Records for the task

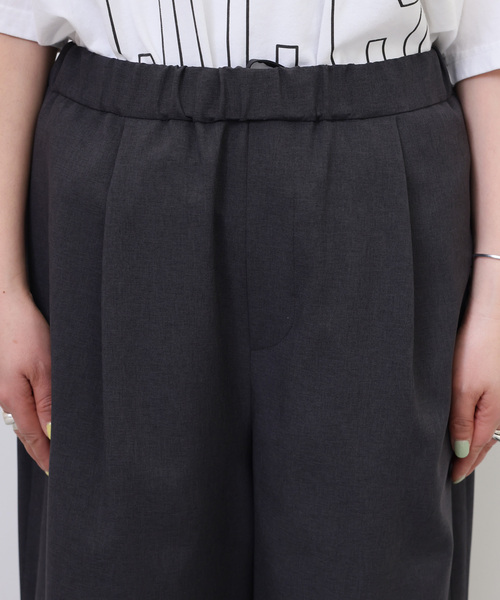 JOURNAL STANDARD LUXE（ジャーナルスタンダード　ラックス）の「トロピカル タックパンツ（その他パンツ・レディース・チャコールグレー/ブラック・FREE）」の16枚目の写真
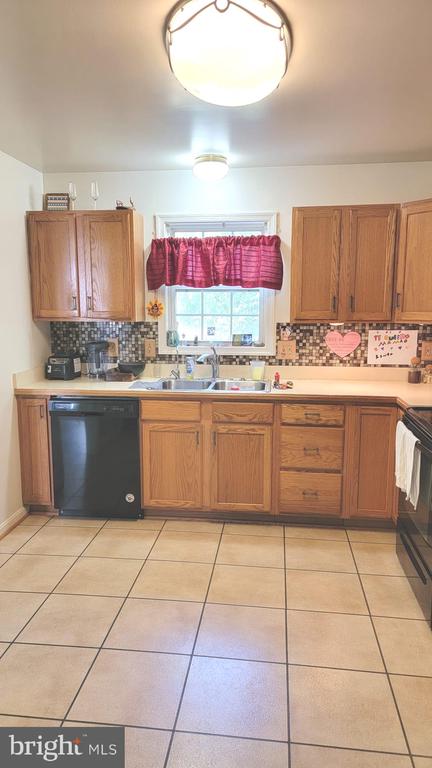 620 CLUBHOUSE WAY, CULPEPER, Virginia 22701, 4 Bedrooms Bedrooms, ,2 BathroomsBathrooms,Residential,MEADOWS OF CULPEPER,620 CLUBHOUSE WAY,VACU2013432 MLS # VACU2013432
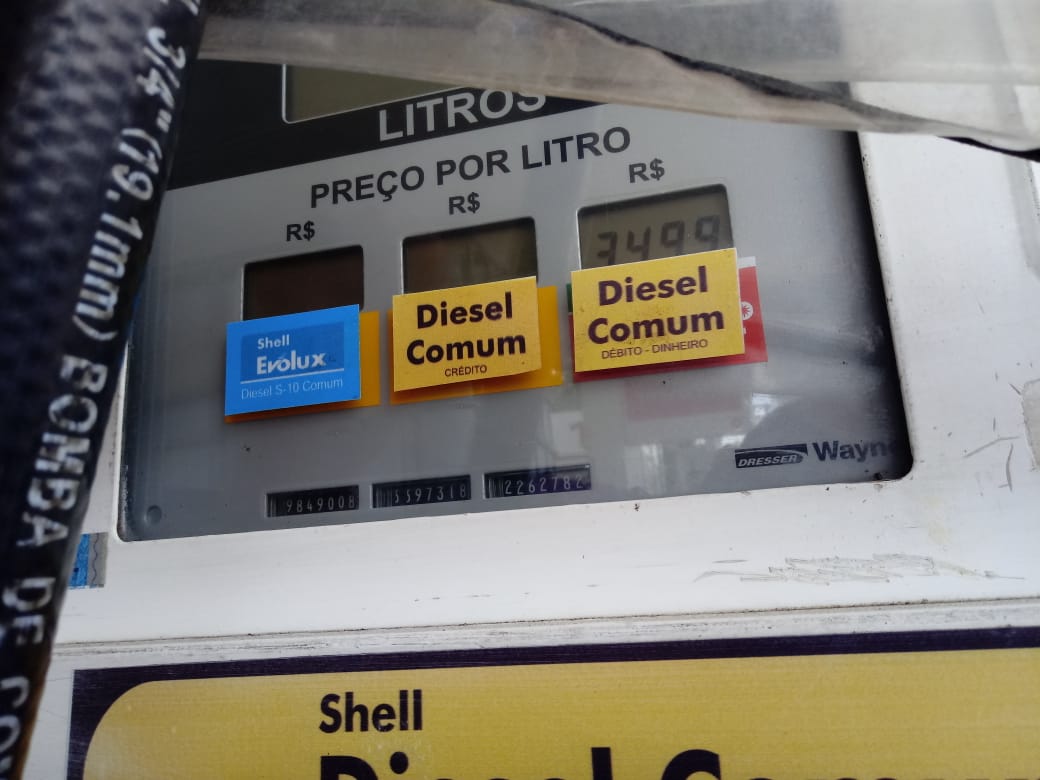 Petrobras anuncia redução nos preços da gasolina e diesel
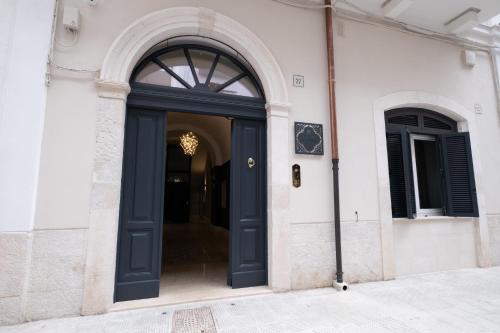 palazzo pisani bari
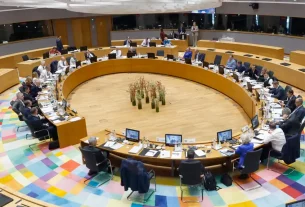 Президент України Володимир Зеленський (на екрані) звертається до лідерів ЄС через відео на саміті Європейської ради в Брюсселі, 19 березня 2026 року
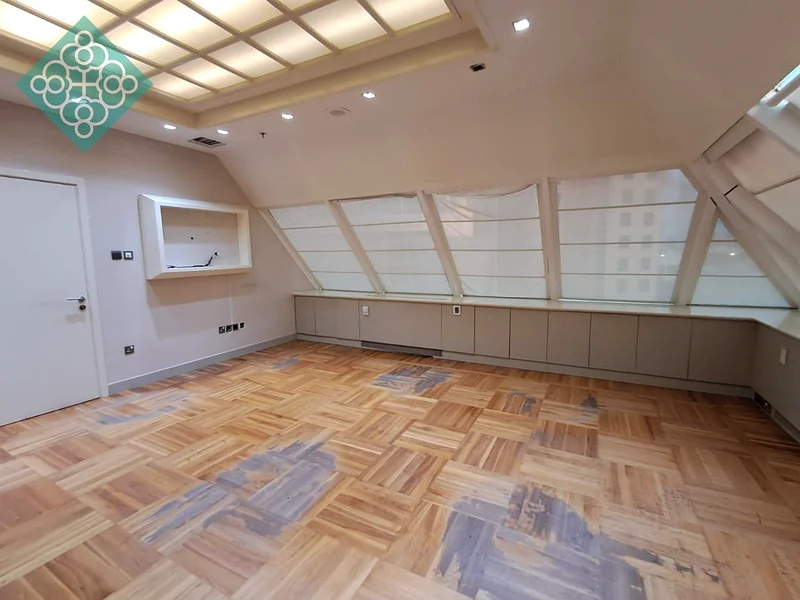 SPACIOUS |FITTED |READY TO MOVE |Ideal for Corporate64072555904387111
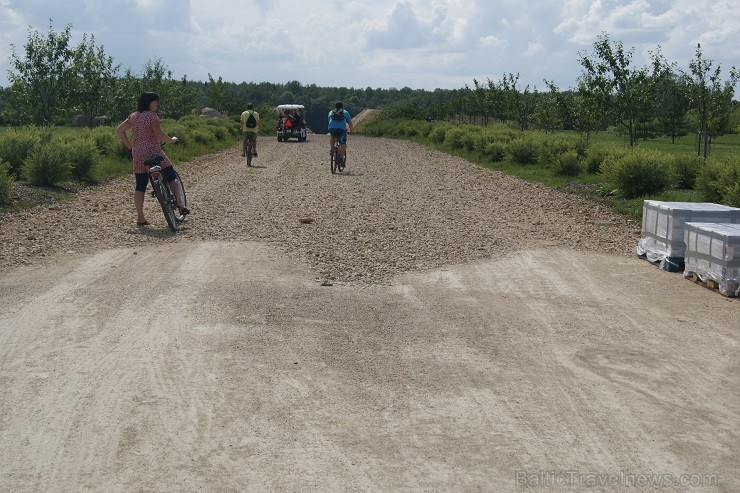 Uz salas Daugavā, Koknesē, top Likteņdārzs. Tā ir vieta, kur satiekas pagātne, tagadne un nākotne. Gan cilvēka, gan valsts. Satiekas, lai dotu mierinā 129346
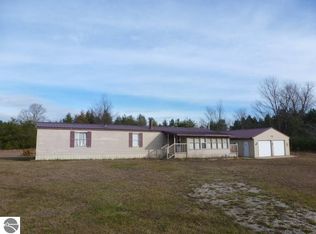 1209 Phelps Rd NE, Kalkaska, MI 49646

---

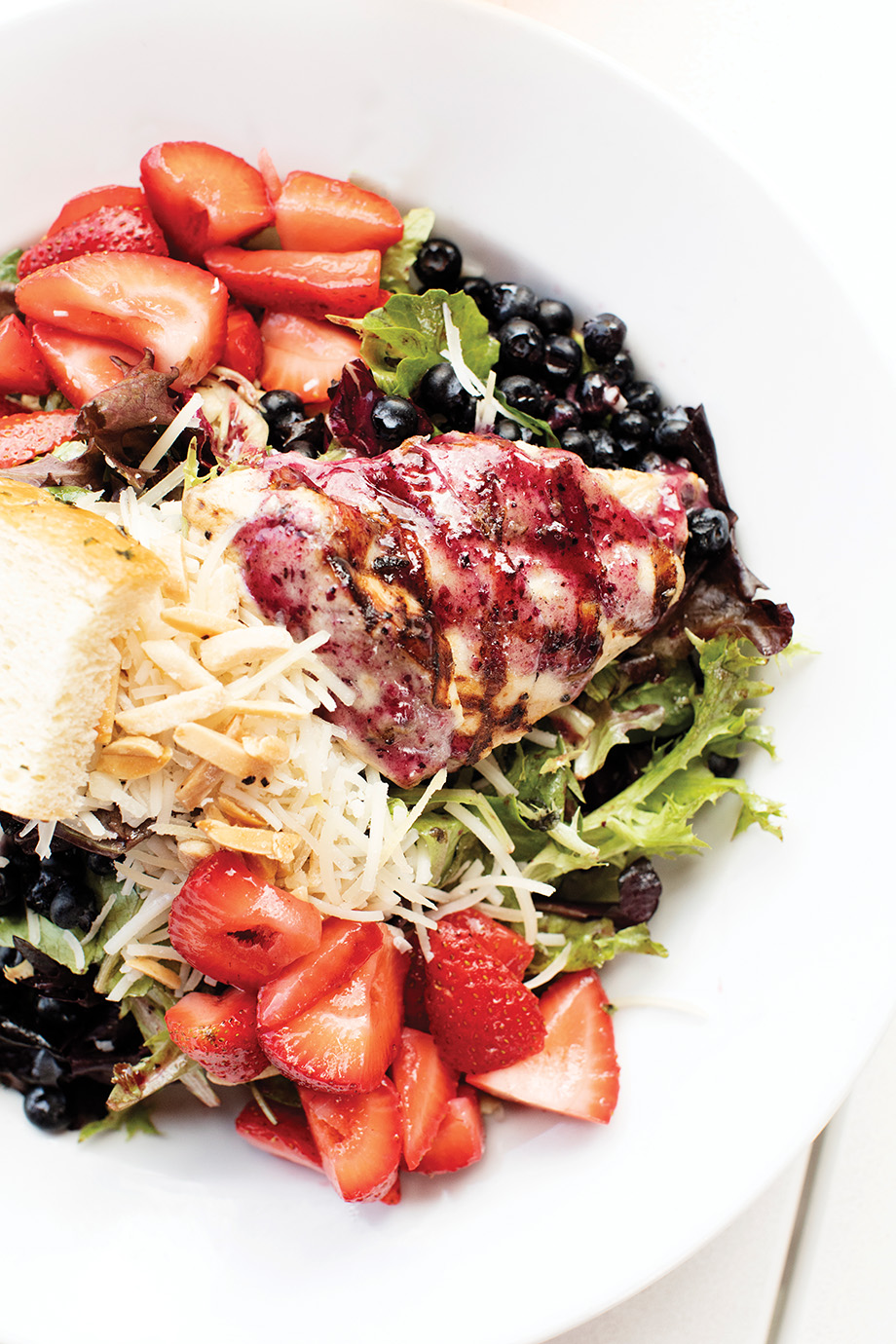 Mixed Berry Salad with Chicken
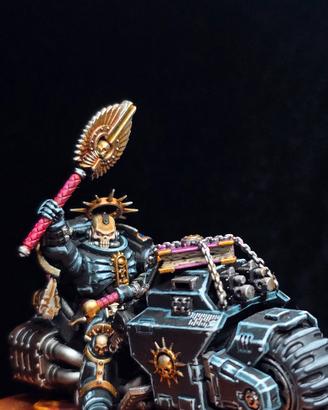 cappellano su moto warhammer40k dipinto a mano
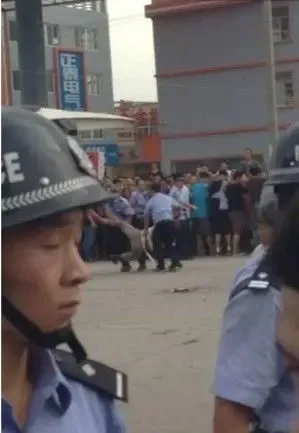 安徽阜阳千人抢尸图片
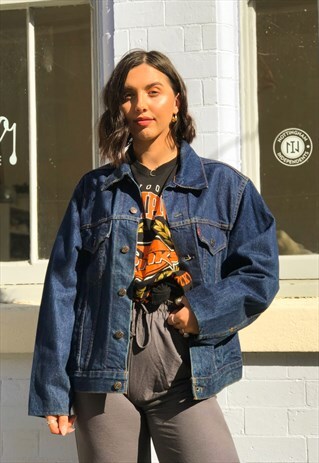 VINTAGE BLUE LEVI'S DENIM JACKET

==

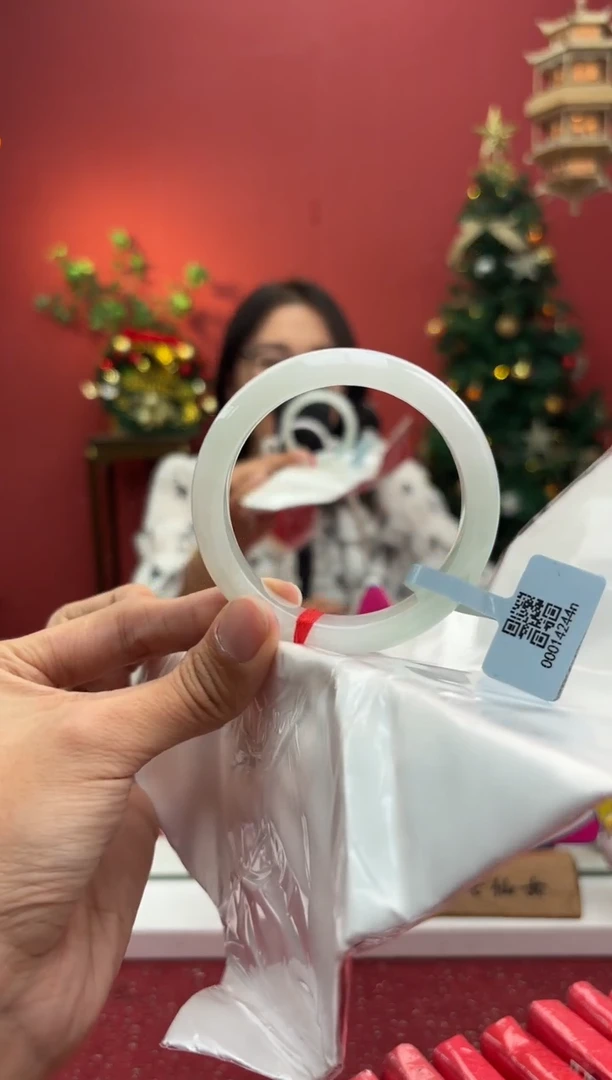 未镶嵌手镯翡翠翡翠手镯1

What you will do
Beginning with the line above that contains "JOURNAL STANDARD LUXE（ジャーナルスタンダード　ラックス）の「トロピカル" and finishing with the line that contains "1209 Phelps Rd NE, Kalkaska, MI 49646", print those lines exactly and only. Skip all pictures.

Answer to the problem
 JOURNAL STANDARD LUXE（ジャーナルスタンダード　ラックス）の「トロピカル タックパンツ（その他パンツ・レディース・チャコールグレー/ブラック・FREE）」の16枚目の写真
 620 CLUBHOUSE WAY, CULPEPER, Virginia 22701, 4 Bedrooms Bedrooms, ,2 BathroomsBathrooms,Residential,MEADOWS OF CULPEPER,620 CLUBHOUSE WAY,VACU2013432 MLS # VACU2013432
 Petrobras anuncia redução nos preços da gasolina e diesel
 palazzo pisani bari
 Президент України Володимир Зеленський (на екрані) звертається до лідерів ЄС через відео на саміті Європейської ради в Брюсселі, 19 березня 2026 року
 SPACIOUS |FITTED |READY TO MOVE |Ideal for Corporate64072555904387111
 Uz salas Daugavā, Koknesē, top Likteņdārzs. Tā ir vieta, kur satiekas pagātne, tagadne un nākotne. Gan cilvēka, gan valsts. Satiekas, lai dotu mierinā 129346
 1209 Phelps Rd NE, Kalkaska, MI 49646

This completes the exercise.